(Dataset entries)
....

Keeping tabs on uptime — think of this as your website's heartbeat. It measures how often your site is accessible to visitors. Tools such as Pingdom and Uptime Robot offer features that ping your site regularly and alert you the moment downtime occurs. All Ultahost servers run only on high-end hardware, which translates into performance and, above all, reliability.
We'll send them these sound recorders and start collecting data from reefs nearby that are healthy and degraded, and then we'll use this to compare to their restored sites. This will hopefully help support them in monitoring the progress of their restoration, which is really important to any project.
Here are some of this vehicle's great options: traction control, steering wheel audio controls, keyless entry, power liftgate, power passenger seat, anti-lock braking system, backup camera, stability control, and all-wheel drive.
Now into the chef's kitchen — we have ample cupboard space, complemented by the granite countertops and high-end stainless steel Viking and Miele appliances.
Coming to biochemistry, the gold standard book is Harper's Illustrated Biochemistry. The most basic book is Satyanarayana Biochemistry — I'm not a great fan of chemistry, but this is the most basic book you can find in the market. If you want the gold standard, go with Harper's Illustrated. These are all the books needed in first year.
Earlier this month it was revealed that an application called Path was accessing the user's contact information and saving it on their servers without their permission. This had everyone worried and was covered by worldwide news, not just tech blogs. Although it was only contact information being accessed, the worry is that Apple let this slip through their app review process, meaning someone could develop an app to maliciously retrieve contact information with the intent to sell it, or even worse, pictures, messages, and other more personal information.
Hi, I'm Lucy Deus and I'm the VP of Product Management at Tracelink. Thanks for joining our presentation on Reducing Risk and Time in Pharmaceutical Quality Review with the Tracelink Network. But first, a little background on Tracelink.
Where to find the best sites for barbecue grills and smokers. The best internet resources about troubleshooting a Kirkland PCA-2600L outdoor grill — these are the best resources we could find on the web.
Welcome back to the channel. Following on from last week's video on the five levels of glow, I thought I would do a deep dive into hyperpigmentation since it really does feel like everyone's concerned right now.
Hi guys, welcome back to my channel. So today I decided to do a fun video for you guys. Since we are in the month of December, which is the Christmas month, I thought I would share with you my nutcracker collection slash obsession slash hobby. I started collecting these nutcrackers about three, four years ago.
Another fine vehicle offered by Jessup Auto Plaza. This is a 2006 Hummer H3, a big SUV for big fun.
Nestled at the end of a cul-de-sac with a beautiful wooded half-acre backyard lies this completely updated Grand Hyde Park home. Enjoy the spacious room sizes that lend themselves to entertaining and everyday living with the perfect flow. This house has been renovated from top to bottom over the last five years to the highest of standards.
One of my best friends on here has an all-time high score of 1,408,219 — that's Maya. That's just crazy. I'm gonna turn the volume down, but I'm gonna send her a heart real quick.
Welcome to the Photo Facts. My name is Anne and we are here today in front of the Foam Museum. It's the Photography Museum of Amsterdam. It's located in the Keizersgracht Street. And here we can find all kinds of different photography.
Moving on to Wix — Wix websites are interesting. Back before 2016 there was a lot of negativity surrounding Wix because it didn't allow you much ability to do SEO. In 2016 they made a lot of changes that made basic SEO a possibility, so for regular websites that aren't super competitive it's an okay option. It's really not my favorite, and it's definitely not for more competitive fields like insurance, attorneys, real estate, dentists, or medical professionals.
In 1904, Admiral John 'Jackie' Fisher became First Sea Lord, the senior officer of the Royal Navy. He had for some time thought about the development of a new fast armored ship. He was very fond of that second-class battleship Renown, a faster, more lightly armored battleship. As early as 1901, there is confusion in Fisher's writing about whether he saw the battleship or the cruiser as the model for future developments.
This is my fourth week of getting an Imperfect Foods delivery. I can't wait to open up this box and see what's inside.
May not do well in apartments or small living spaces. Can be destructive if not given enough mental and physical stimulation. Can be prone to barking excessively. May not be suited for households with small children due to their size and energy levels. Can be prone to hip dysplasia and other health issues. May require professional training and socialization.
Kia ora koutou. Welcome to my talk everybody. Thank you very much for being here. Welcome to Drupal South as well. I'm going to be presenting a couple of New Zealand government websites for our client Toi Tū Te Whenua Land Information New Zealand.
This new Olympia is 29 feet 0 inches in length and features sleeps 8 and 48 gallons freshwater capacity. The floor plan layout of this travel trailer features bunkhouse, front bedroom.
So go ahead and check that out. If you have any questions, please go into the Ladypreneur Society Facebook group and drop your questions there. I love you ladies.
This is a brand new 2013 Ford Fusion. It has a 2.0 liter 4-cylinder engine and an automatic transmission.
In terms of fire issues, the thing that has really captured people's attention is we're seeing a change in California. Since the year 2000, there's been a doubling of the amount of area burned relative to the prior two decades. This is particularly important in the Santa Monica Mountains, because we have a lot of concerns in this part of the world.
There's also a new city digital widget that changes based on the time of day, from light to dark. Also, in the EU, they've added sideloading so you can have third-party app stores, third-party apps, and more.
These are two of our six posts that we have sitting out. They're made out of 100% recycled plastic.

....

◆ Exercise ◆
Repeat the entries above exactly, beginning at their first line and ending with the line that contains "Now into the", with nothing added.

◆ Result of the task ◆
Keeping tabs on uptime — think of this as your website's heartbeat. It measures how often your site is accessible to visitors. Tools such as Pingdom and Uptime Robot offer features that ping your site regularly and alert you the moment downtime occurs. All Ultahost servers run only on high-end hardware, which translates into performance and, above all, reliability.
We'll send them these sound recorders and start collecting data from reefs nearby that are healthy and degraded, and then we'll use this to compare to their restored sites. This will hopefully help support them in monitoring the progress of their restoration, which is really important to any project.
Here are some of this vehicle's great options: traction control, steering wheel audio controls, keyless entry, power liftgate, power passenger seat, anti-lock braking system, backup camera, stability control, and all-wheel drive.
Now into the chef's kitchen — we have ample cupboard space, complemented by the granite countertops and high-end stainless steel Viking and Miele appliances.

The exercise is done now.